Ion Trap Collisional Activation of the (M + 2H)2+ − (M + 17H)17+ Ions of Human Hemoglobin β-Chain

Abstract

The parent ions of human hemoglobin beta-chain ranging in charge from 2+ to 17+ have been subjected to ion trap collisional activation. The highest charge-state ions (17+ to 13+) yielded series of products arising from dissociation of adjacent residues. The intermediate charge-state ions (12+ to 5+) tended to fragment preferentially at the N-terminal sides of proline residues and the C-terminal sides of acidic residues. Many, but not all, of the possible cleavages at proline, aspartic acid, and glutamic acid residues were represented in the spectra.
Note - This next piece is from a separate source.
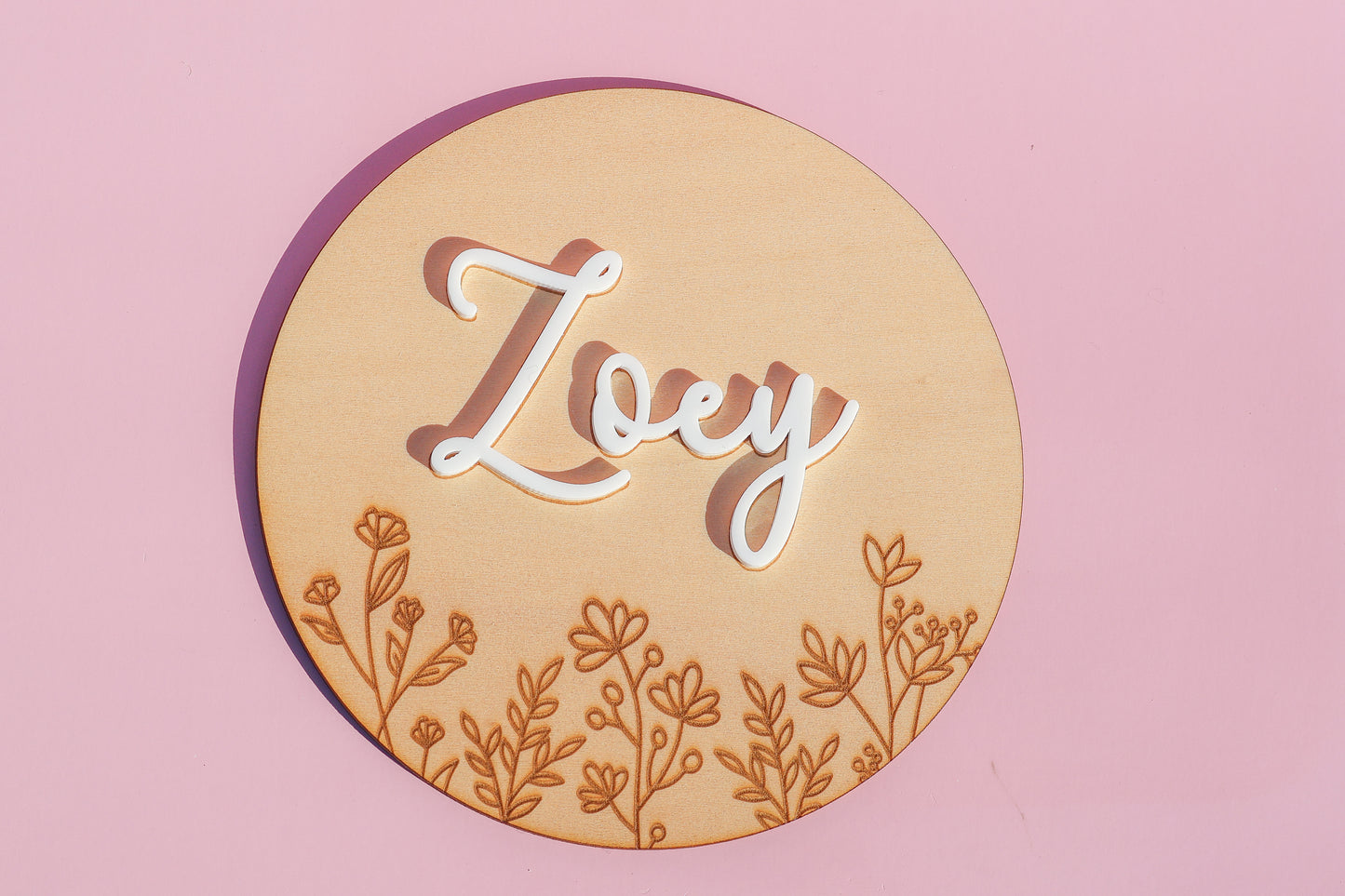15cm Name Plaque with Acrylic Letters – Floral Design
The lowest charge-state ions were difficult to dissociate with high efficiency and yielded spectra with poorly defined product ion signals. This observation is attributed to sequential fragmentations arising from losses of small molecules such as water and/or ammonia. The poor fragmentation efficiency observed for the low charge states is due at least in part to the low trapping wells used to store the ions. Higher ion stabilities due to lower Coulombic repulsion and charges being sequestered at highly basic sites may also play an important role. Ion/ion proton-transfer reactions involving protein parent ions allows for the formation of a wide range of parent ion charge states. In addition, the ion/ion proton-transfer reactions involving protein dissociation products simplify interpretation of the product ion spectra.